Look at the fractional parts of the multiples $q\pi$ as $q$ ranges over $\{1,\dots,N\}$. Some two $q_1\pi$, $q_2\pi$ must differ by at most $1/N$, so we have an integer $q=|q_1-q_2|<N$ such that $q\pi$ differs from a positive integer $p_N\leq N\pi$ by at most $1/N$. Hence $|\sin p_N| = |\sin(p_N-q\pi)|\leq 1/N$, so $|p_N\sin p_N|\leq \pi$. Moreover since $|\sin p_N|\leq 1/N$ and $\pi$ is irrational we must have $p_N\to\infty$. Thus $\limsup 1/|n\sin n|\geq1/\pi$.

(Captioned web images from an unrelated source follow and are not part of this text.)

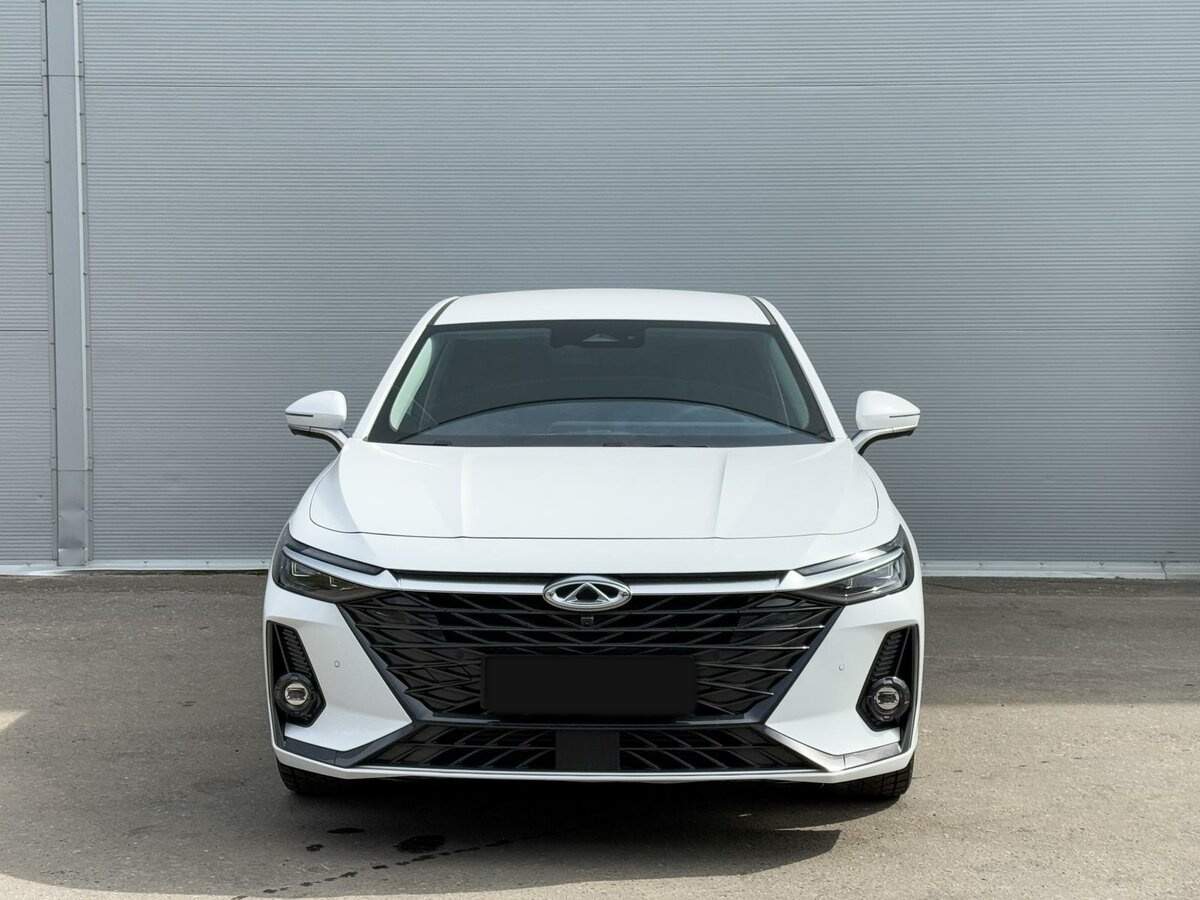 Chery Arrizo 8 2023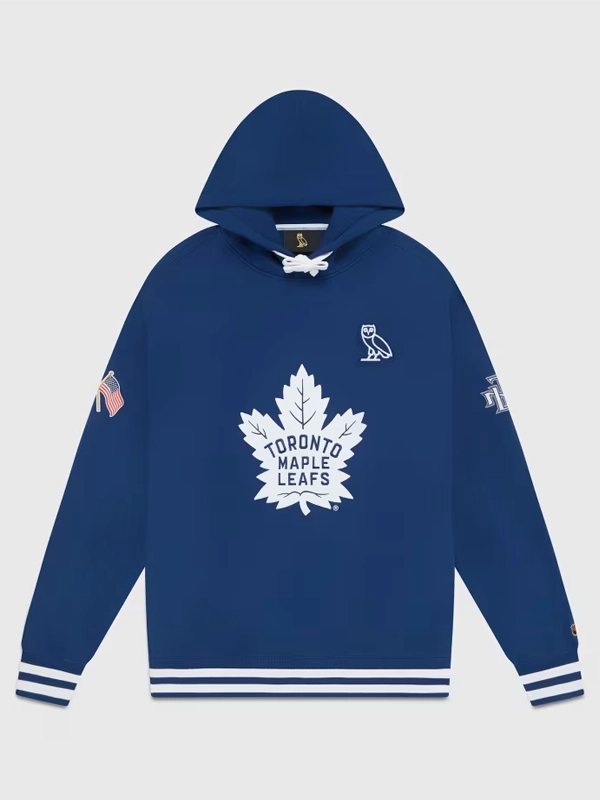 Toronto maple hot sale leafs sweatshirt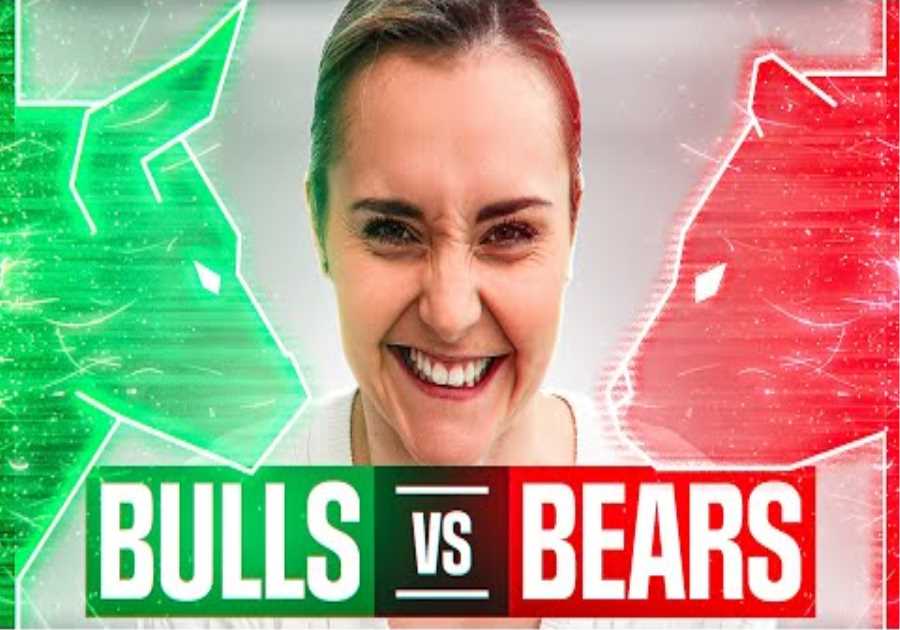 Bulls vs Bears: The Truth About This Crypto Cycle!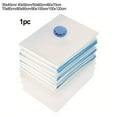 thumbnail image 5 of Sacs de Rangement sous Vide Premium Hermétiques et Imperméables Pochettes de Compression Gain de Place, 5 of 5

On the other hand it's easy to see $\liminf 1/|n\sin n|=0$, so the sequence does not converge.
EDIT. With an analysis similar to the above one can verify that $\limsup 1/|n\sin n|<\infty$ if and only if there is a constant $c>0$ such that $|\pi-p/q|>c/q^2$ for all $p/q\in\mathbf{Q}$. Such numbers are called "badly approximable". In terms of continued fraction expansions, a number is badly approximable iff the terms of its continued fraction expansion are bounded, so $\limsup 1/|n\sin n|=\infty$ iff the terms in the continued fraction expansion of $\pi$ are unbounded. I would guess this is unknown, but I am unsure.
To put this into a greater context, the number $e$ is not badly approximable, and almost all $x\in\mathbf{R}$ are not badly approximable. I doubt anybody would conjecture that $\pi$ is badly approximable.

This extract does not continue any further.